Comment 8 Matthew Booth 2016-05-20 14:24:47 UTC
After discussion within the team, could you please also provide some additional info:

* Number of api hosts
* Number of compute hosts
* Number of keystone hosts
* sosreport from a keystone host

I'm suspecting a scaling problem, so I need to get an idea of the scale of the deployment.

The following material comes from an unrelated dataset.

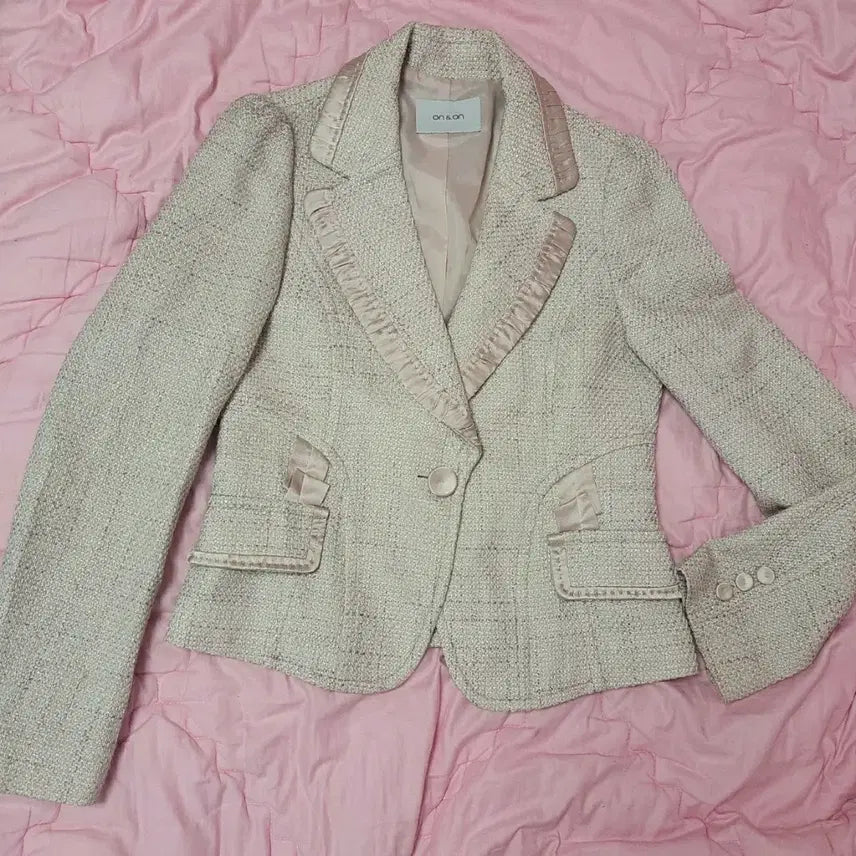 [BUNJANG] On&amp;On Pink Tweed Jacket / 급처상태좋음!온앤온 딸기우유핑크 트위드 공주 자켓 레니본st리즈리사st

If you can think of any other information relevant to deployment scale, please include that too.

Comment 9 Yuri Obshansky 2016-05-22 08:24:44 UTC
That is my fault, I had to provide environment configuration in the bug.
It is HA, baremetal deployment, 3 controller nodes and 6 compute nodes where each is 24 CPUs and 64 G RAM. Volume is 5000 instances
- image: cirros (12.6 MB)
- flavor: m1.nano (1VCPU, 64MB RAM, 1GB Disk)
I was not able remove instances in any way to clean up the environment.
Only reboot all nodes (controllers and computes) released the stacked instances.
As result, I cannot provide the sosreport right now.
The keystone conf and log files attached.

Comment 10 Yuri Obshansky 2016-05-22 08:25:18 UTC
Created attachment 1160273 [details]
Keystone conf file

Comment 11 Yuri Obshansky 2016-05-22 08:25:46 UTC
Created attachment 1160274 [details]
Keystone log file

Comment 12 Matthew Booth 2018-01-08 13:37:59 UTC
Clearing out old bugs.

From looking at the keystone logs it seems that the original supposition was correct. I think a RequestTimeout is an appropriate return code under these circumstances.